[[ Available data, beginning ]]

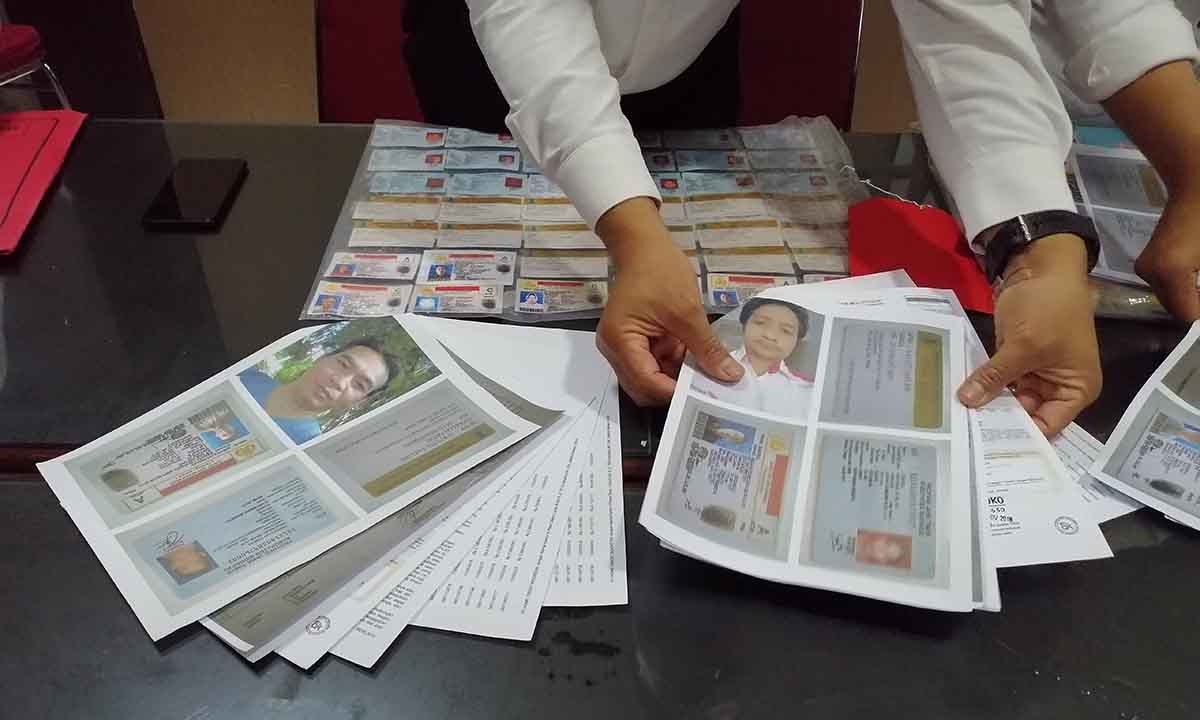 Begini Cara Suami Istri Memproduksi Dokumen Palsu untuk Kredit Online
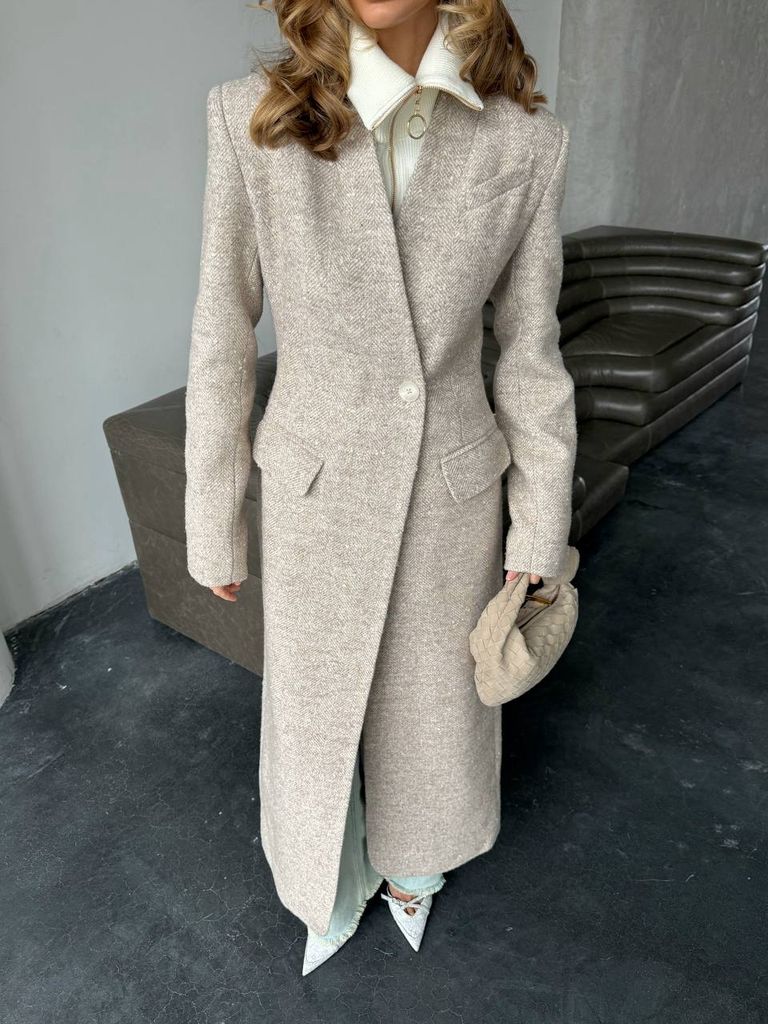 Приталене зимове довге пальто з вовни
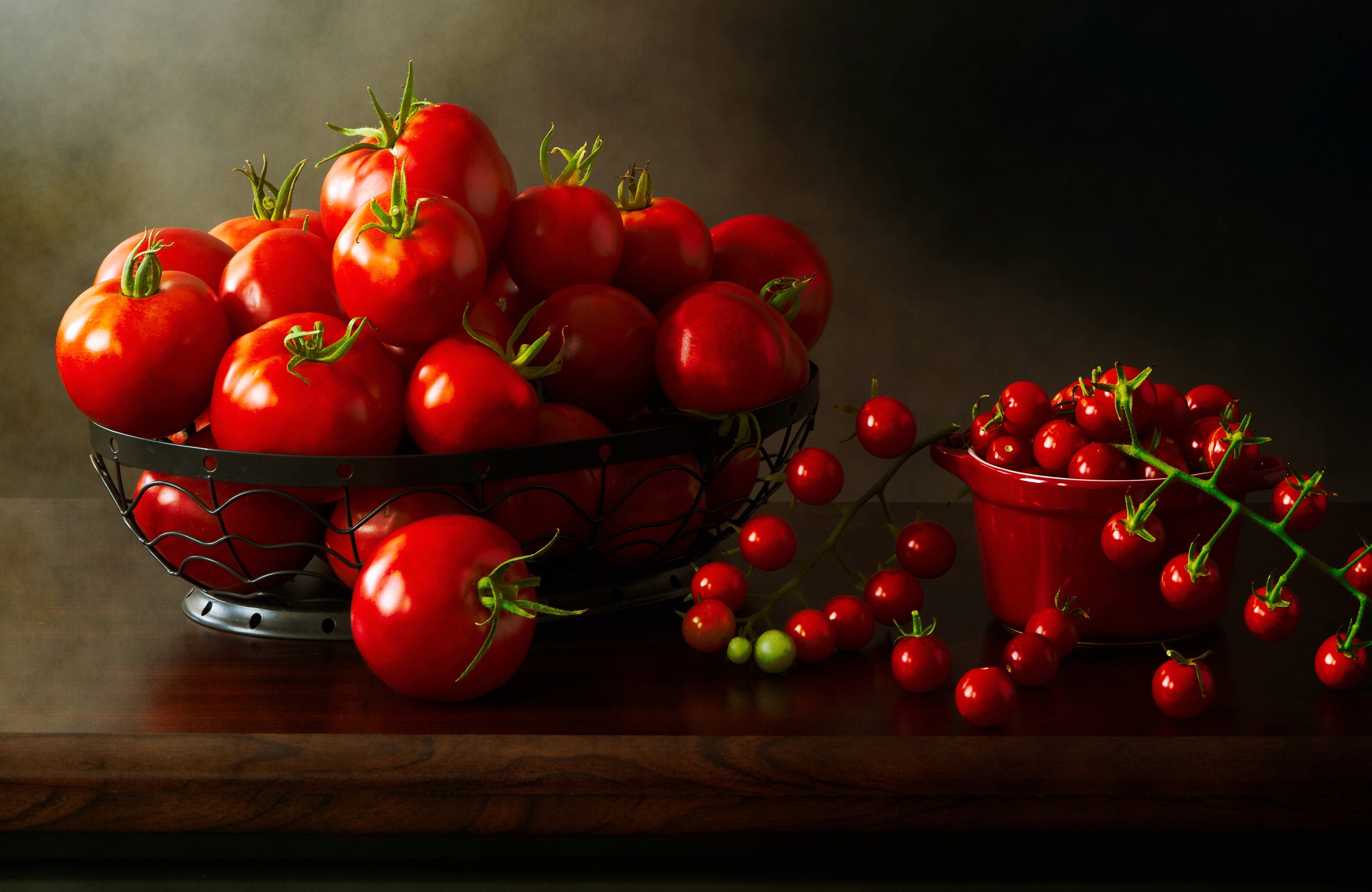 Fototapete »Photo-Art DARLENE HEWSON, ZU VIELE TOMATEN«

[[ Available data, end ]]

What to produce: Print exactly the line containing "Приталене зимове довге пальто з вовни" and every line after it through the final line above, and leave all pictures out.

Written response:
 Приталене зимове довге пальто з вовни
 Fototapete »Photo-Art DARLENE HEWSON, ZU VIELE TOMATEN«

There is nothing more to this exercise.